A recent U.S. Supreme Court decision could help bolster America’s standing as a competitive location for capital formation. Or at the very least, the decision has forestalled the onslaught of plaintiff antitrust claims against Wall Street’s IPO underwriting process.
In a 7-1 vote, the U.S. Supreme Court held in Credit Suisse Securities (USA) LLC v. Billing that the securities laws implicitly precluded application of the antitrust laws to the practice of tying the sale of IPO shares to the sale of less desirable shares in the aftermarket and “laddering” the sales of such shares.
In the case, a group of investment banks including Goldman Sachs, Merrill Lynch, Morgan Stanley, Citigroup, J.P. Morgan, and others petitioned the Court to reverse the Second Circuit Court of Appeals and grant implied antitrust immunity to their IPO underwriting process, which investors complained violated the Sherman Act. The respondent investors argued that a horizontal conspiracy was entered into among the investment banks to create pools of orders to drive up the price of less attractive shares in the aftermarket. Tie-ins between allocation of shares in the IPO and purchases of stock in the aftermarket and laddering agreements both made this possible.
The investors brought a class action suit in U.S. District Court, Southern District of New York. The District Court ruled in favor of the banks and dismissed the case on the grounds that the pervasive regulation of the sale of securities by the Securities and Exchange Commission (SEC) immunized the banks from antitrust liability. The Second Circuit Court of Appeals reversed and reinstated the complaint against the investment banks.

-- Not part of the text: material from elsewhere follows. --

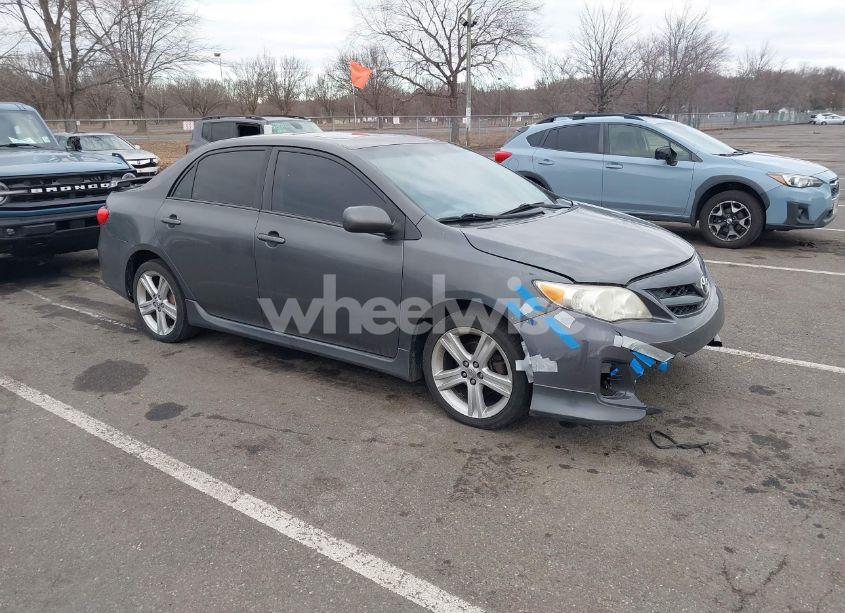 2013 Toyota Corolla S (VIN 2T1BU4EE8DC995146) main photo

Much was at stake in the Supreme Court’s decision. If the Court decided in favor of the investors, investment banks could suddenly be subjected to an onslaught of antitrust litigation, including treble damages under Section 4 of the Clayton Act. The immediate impact on the U.S. economy would have been apparent: the cost of capital formation could increase and the appeal of the U.S. as a location for new start-up companies could have been significantly diminished. Companies seeking capital could have structured their IPOs in London, Hong Kong, or Frankfurt and avoided the problem entirely.